=== Given data ===
________________________________________

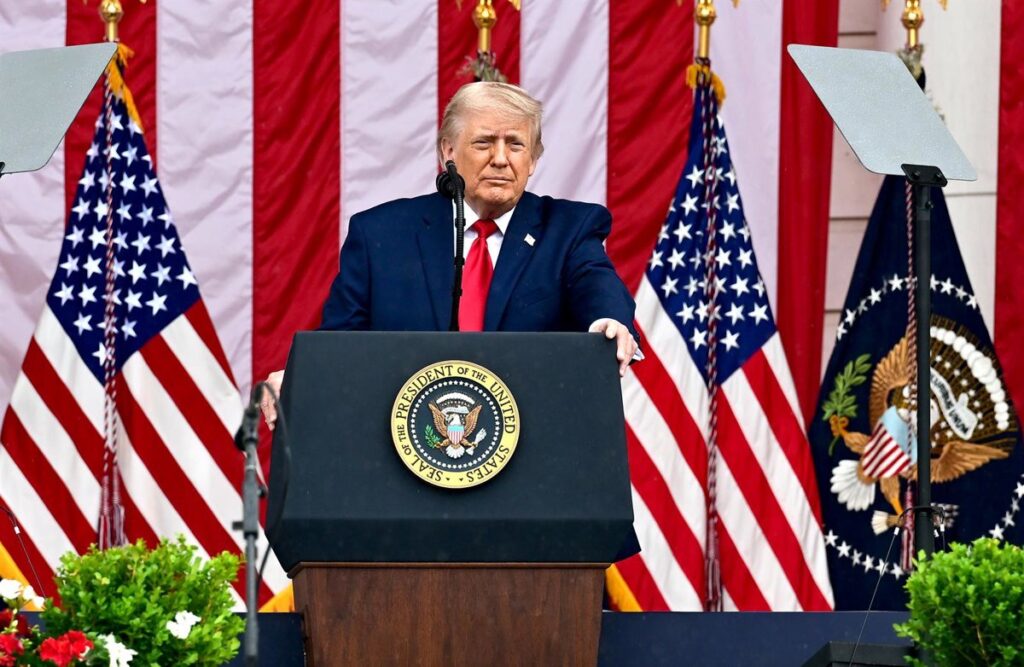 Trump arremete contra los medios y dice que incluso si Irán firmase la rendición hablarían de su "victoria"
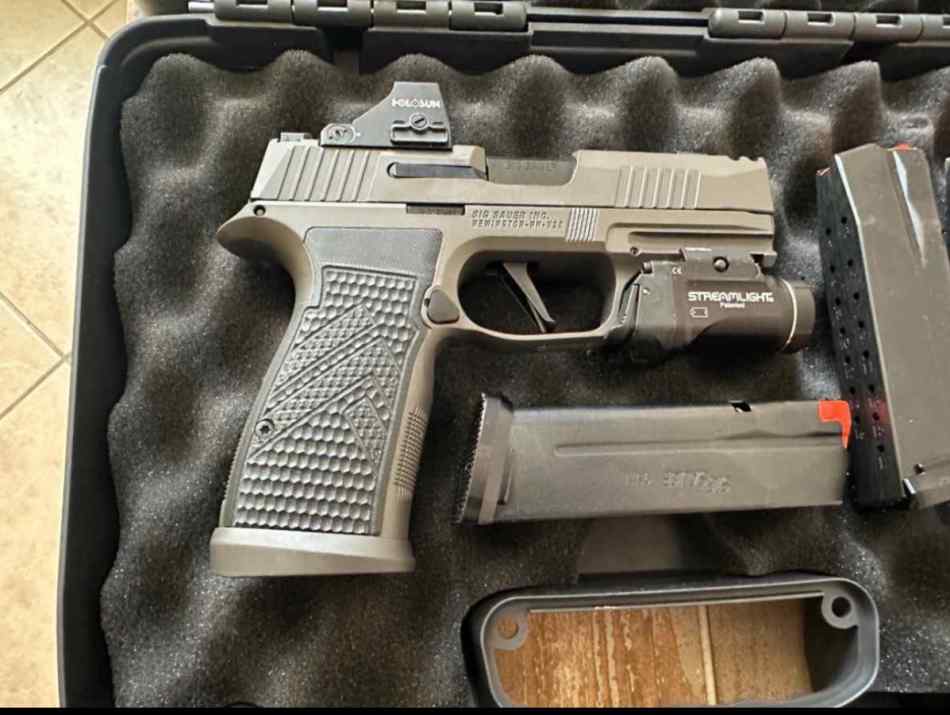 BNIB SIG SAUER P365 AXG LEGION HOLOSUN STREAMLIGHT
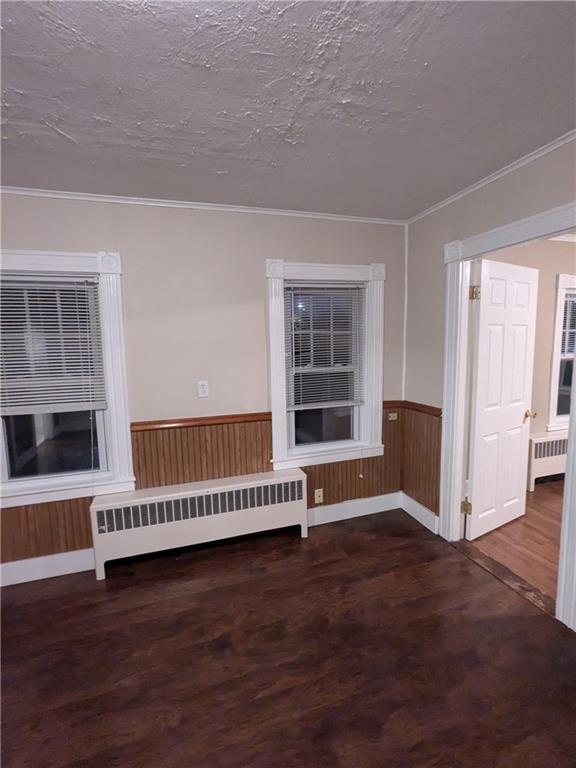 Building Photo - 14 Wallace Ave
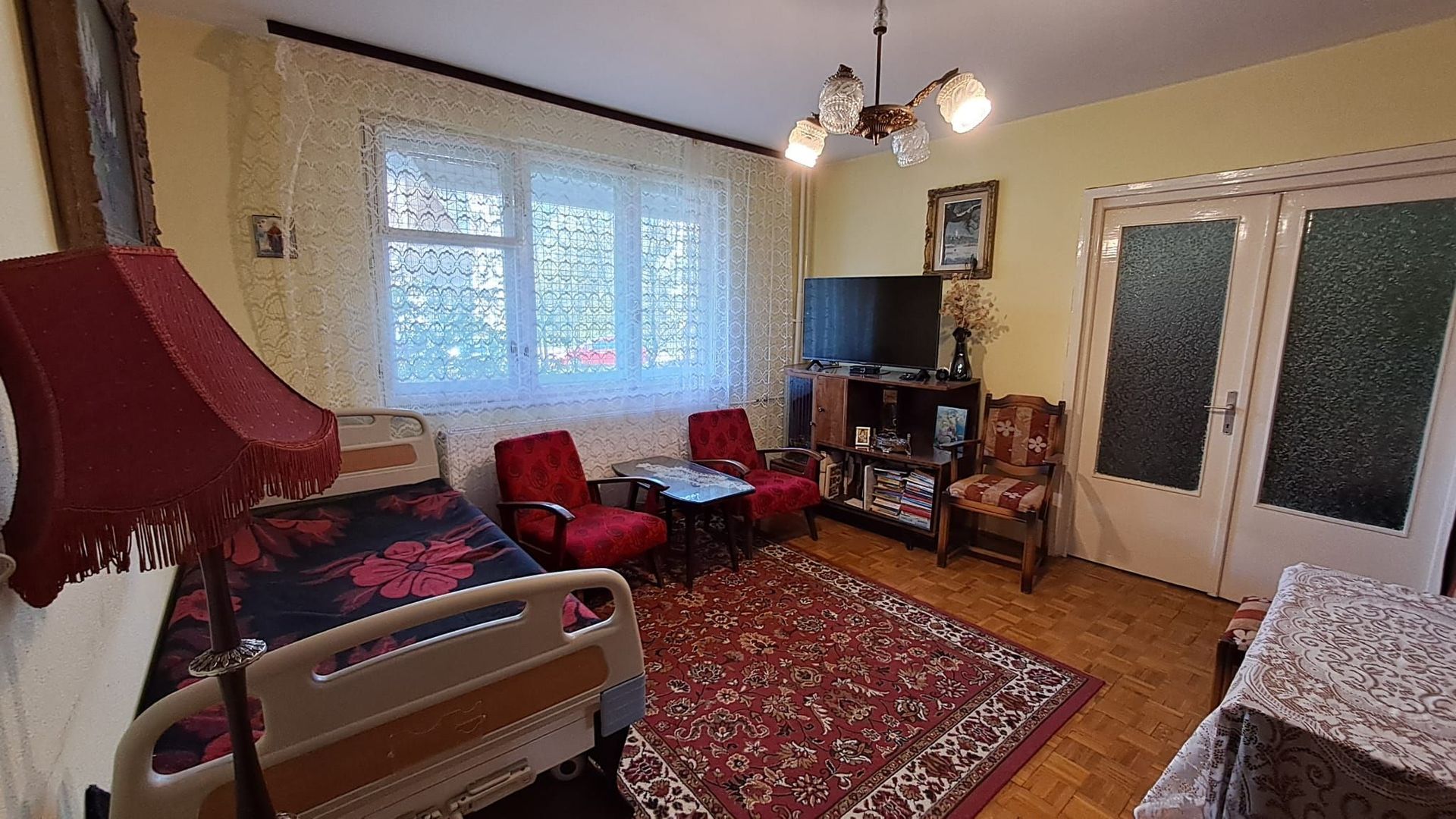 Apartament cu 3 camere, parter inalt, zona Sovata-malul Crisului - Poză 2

________________________________________

=== What to do ===
Restating the data word for word is the task, and pictures are to be omitted.

=== Expected output ===
 Trump arremete contra los medios y dice que incluso si Irán firmase la rendición hablarían de su "victoria"
 BNIB SIG SAUER P365 AXG LEGION HOLOSUN STREAMLIGHT
 Building Photo - 14 Wallace Ave
 Apartament cu 3 camere, parter inalt, zona Sovata-malul Crisului - Poză 2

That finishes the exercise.